- **Exercise details**:
Scan the material below for every line with the string "like", and copy those lines.

- **Exercise materials**:
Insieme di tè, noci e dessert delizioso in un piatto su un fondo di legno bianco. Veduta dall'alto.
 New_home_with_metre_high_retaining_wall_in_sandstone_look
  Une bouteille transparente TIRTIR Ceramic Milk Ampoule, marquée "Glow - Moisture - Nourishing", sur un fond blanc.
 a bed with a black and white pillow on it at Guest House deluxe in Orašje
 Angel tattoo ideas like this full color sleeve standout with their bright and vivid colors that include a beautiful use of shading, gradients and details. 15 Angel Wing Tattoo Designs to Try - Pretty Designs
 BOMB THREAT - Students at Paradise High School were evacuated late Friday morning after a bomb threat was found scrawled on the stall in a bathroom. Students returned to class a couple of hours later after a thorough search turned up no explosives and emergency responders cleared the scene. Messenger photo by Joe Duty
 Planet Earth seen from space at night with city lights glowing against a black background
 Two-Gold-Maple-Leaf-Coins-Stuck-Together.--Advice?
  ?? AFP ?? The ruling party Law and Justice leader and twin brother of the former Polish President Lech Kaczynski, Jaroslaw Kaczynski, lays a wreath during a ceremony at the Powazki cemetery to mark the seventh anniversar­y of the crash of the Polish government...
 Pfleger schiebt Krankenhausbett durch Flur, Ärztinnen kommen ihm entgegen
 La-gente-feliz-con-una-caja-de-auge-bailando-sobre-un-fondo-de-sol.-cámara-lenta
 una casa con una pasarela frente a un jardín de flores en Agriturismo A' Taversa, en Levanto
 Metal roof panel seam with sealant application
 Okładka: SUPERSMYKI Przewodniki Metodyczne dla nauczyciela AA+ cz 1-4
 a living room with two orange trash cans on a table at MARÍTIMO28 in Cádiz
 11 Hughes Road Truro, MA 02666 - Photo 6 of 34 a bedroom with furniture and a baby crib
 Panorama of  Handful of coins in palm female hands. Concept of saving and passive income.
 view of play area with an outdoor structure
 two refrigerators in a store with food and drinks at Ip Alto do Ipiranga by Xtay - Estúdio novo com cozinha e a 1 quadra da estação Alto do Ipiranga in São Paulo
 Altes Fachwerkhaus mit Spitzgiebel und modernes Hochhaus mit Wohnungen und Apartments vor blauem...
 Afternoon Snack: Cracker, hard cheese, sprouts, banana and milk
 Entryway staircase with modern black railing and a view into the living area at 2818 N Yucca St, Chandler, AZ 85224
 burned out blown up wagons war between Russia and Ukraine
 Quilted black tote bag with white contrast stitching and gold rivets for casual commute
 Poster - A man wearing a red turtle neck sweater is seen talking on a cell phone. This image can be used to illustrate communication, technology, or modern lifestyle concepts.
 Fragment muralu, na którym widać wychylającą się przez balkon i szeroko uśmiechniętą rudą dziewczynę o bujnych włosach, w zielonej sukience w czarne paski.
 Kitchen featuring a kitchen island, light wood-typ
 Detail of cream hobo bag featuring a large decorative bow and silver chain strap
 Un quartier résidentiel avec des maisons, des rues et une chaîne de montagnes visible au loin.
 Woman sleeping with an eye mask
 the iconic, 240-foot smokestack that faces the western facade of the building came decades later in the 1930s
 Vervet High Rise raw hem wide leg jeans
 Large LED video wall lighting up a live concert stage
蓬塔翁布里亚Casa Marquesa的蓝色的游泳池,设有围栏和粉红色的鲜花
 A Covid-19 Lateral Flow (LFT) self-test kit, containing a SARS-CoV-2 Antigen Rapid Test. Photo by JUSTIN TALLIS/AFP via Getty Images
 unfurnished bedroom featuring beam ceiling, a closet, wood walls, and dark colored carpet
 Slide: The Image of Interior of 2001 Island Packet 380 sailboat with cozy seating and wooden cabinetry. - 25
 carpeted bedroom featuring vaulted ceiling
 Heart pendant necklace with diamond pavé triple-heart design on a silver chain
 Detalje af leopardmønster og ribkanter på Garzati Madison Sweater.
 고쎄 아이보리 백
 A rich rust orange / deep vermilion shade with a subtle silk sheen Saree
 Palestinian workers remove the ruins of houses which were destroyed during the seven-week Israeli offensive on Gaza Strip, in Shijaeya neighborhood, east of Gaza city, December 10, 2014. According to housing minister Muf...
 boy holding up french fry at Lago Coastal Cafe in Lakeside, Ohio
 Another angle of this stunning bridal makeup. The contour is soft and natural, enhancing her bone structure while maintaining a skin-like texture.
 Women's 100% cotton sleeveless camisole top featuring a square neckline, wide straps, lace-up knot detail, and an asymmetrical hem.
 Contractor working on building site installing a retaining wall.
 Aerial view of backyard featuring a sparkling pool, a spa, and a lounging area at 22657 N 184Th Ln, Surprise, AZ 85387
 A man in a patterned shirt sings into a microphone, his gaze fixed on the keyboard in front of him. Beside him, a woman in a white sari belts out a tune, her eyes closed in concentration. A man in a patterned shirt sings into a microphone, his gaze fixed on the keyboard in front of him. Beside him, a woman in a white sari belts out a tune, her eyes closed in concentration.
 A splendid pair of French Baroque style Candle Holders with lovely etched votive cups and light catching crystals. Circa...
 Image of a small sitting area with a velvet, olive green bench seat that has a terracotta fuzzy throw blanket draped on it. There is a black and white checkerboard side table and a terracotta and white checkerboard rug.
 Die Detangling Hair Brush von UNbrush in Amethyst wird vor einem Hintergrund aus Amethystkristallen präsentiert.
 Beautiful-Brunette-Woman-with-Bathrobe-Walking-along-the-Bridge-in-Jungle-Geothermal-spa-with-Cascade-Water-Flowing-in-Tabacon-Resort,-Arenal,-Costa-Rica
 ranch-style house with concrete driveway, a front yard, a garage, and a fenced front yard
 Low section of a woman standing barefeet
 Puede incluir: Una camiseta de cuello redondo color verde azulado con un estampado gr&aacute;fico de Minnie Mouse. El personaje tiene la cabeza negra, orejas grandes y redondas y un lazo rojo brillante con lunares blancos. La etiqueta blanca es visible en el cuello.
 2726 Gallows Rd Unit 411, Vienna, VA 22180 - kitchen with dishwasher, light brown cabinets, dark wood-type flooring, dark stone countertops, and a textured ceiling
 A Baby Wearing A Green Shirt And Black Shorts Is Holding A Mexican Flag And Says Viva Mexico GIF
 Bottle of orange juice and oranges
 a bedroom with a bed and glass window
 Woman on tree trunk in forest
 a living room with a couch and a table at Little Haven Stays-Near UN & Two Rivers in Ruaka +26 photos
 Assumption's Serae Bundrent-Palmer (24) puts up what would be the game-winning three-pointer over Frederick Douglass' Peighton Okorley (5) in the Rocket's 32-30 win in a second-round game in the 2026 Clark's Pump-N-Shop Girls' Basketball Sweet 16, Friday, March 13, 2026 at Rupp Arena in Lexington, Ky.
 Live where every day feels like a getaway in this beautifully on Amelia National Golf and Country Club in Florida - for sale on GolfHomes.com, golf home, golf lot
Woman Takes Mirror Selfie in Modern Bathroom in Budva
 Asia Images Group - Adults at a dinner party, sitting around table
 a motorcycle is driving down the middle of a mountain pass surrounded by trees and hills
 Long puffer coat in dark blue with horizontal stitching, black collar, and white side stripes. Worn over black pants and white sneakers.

- **Answer space**:
 Angel tattoo ideas like this full color sleeve standout with their bright and vivid colors that include a beautiful use of shading, gradients and details. 15 Angel Wing Tattoo Designs to Try - Pretty Designs
 Another angle of this stunning bridal makeup. The contour is soft and natural, enhancing her bone structure while maintaining a skin-like texture.
 Live where every day feels like a getaway in this beautifully on Amelia National Golf and Country Club in Florida - for sale on GolfHomes.com, golf home, golf lot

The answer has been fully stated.